Gutwein, incidentally, is not at all impressed by the shekel's success.
"By what measures has it succeeded? Inequality in Israel has increased tremendously. The shekel's stability, which everyone brags about, conceals the tremendous weakening of Israeli society. When the shekel was most stable, our society was severely split," he says.
"The shekel is the symbol of the policy, and it helped cover up the profound weakening of Israeli society, such as the erosion of the middle class. The shekel created the illusion of a stable society, but that was true only for a very small circle of people who profited from the new order. Since 1985 the new shekel's success has functioned inversely to the social outcome of the policy for which the new shekel was used."
Simhon does not agree with Gutwein.
"The shekel is a big success. It has held its ground all these years, and in the past decade it has only become stronger - not because of speculative manipulations, but because the Israeli economy has proven itself to be stable and responsibly administered.
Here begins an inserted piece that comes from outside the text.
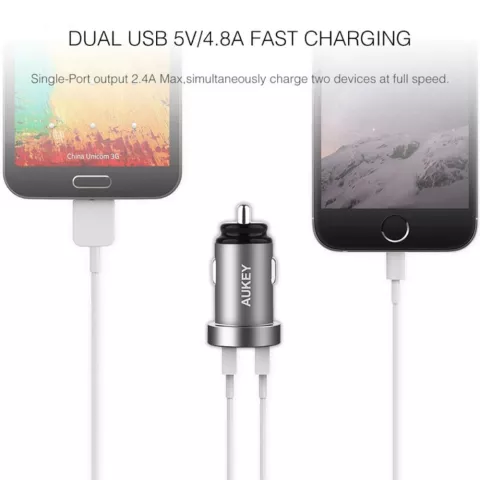 Aukey Universal Dual USB Autoladeger&auml;t 2,4 Ampere - Grau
In 2011 foreign entities held NIS 100 billion in shekel-linked bonds, which is evidence of the financial system's great confidence in the Israeli currency."
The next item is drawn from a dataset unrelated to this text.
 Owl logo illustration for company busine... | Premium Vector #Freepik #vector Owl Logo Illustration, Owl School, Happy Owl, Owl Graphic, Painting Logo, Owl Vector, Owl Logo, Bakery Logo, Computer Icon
The new shekel's 27th birthday will probably be its last. Next year, it will probably join the so-called "27 Club," the group of rock stars including Jim Morrison, Kurt Cobain and Amy Winehouse who died at that young age.
In the relatively short time that it has been with us, we've managed to get used to it. We even gave it a special sign on the keyboard. We almost forgot for a moment that like everything else in Israel, our currency's identity is temporary.
"There's no question that there's a constant search on here," says sociologist Oz Almog. "The language isn't stable, the institutions aren't stable. Look how often we've changed the election system. It's definitely a reflection of a search for direction and the tendency to improvise. We even build for the short term, our pavement is made from cement tiles that wear out and have to be replaced every few years. Everything is temporary here. Everything is accompanied by a sense of transiency, and this feeling is reinforced by temporary symbols. We're young, we haven't been here for hundreds of years, we're a young nation that is consolidating itself."
Avi Simhon is not impressed by the self-searching.
"Why change? We finally have a strong currency, why play around with it? Things are stable now, so why change the name? It seems absurd to me. We might as well go back to calling them zuzim [a Jewish currency used in Roman Palestine]."